WASHINGTON (AFP): Americans paid more for gasoline, food and other essentials last month amid an ongoing wave of record inflation made worse by Russia’s invasion of Ukraine, according to government data released Tuesday.
The consumer price index (CPI) climbed 8.5% over the 12 months to March, the biggest jump since December 1981 and a sign of the pressure President Joe Biden’s administration is under even as it looks for more ways to punish Moscow for the attack on its neighbour.
The inflation surge has dragged Biden’s approval lower since it began last year, and the president sought to pin the blame on Russian President Vladimir Putin and the invasion’s disruptions to global energy markets.
“Seventy percent of the increase in prices in March came from Putin’s price hike in gasoline,” Biden argued during a speech in Iowa, though the Labor Department said it accounted for closer to half.
Prices began rising last year as the economy recovered from the Covid-19 pandemic, and while the latest report showed costs hitting new heights for many items, it also contained signs the spike may be levelling off.
Compared to February, prices rose 1.2%, in line with analysts’ forecasts, but “core” prices, which exclude volatile food and energy sectors, rose 0.3% rise, less than expected.
“The Russia-Ukraine war has added further fuel to the blazing rate of inflation via higher energy, food, and commodity prices that are turbo charged by a worsening in supply chain problems,” Kathy Bostjancic of Oxford Economics said.
The potency of the ongoing price jumps bolstered the case that the Federal Reserve will take aggressive action at its policy meeting next month, likely raising the key lending rate by half a percentage point as opposed to the quarter-point increase last month.
“With labour shortages pressuring firms to raise wages, we are in the midst of a wage-price inflation cycle that will require extreme action on the part of the Fed to rid the economy of the spreading inflation threat,” economist Joel Naroff said.
A collision of factors has fueled the inflation surge, including business’ struggles to find enough workers and supplies, the Fed’s low interest rate policies, and congressionally approved stimulus measures that drove up demand among American consumers.
In response, the White House has scrambled to offer relief, including by releasing strategic oil supplies to lower prices at the pump and waiving a prohibition on selling a lower-price gasoline blend during the summer months, which Biden promoted during his visit to Iowa.
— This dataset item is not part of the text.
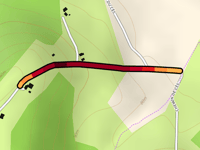 Chemin de Cès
But the most potent actor in Washington against inflation is the Fed.
Though rate hikes are expected to lower prices in the months to come, central bank Governor Lael Brainard said Tuesday that the fallout from the war in Ukraine “probably skews risks to the upside in inflation.”
A new pandemic lockdown in China also “has the potential to lengthen out some of those constraints that we’ve seen in supply chains,” Brainard said in a discussion following the data’s release.
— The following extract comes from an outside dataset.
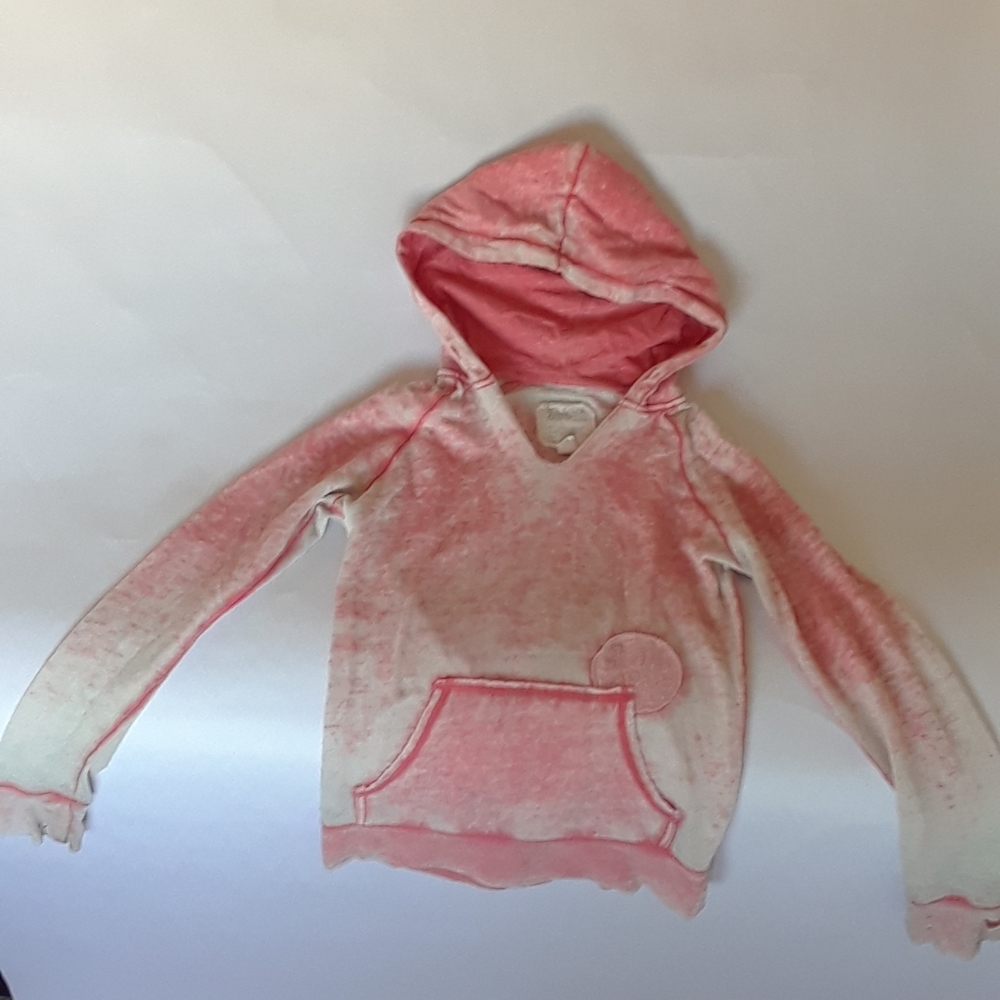Faded pink billabong hoodie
The Labor Department data showed Americans are facing real financial pain when they go to purchase must-have items.
Prices for shelter, the category including rents, rose 0.5%, while food prices rose 1% overall.
Prices for groceries were up 1.5% in the month, and 10% over the past year –the largest such increase since March 1981, according to the data.
However, prices for used cars, which were one of the first items to surge last year, declined 3.8% last month, pushing core CPI lower. New car prices rose only 0.2% after seeing monthly gains of more than 1% in the latter months of 2021.
But considering how high prices have risen for other categories, Naroff said some on the Fed’s policy setting committee may advocate for an even more forceful 0.75 point rate increase next month – and that would not necessarily bring prices down quickly.
“The ability of any Fed to sharply raise rates to slow extremely high inflation, while not driving the economy into a recession, is limited, especially given factors such as war that are out of its control,” he said in a note.
“We are talking about art here, not science, and there is little history of this Fed painting pretty pictures.”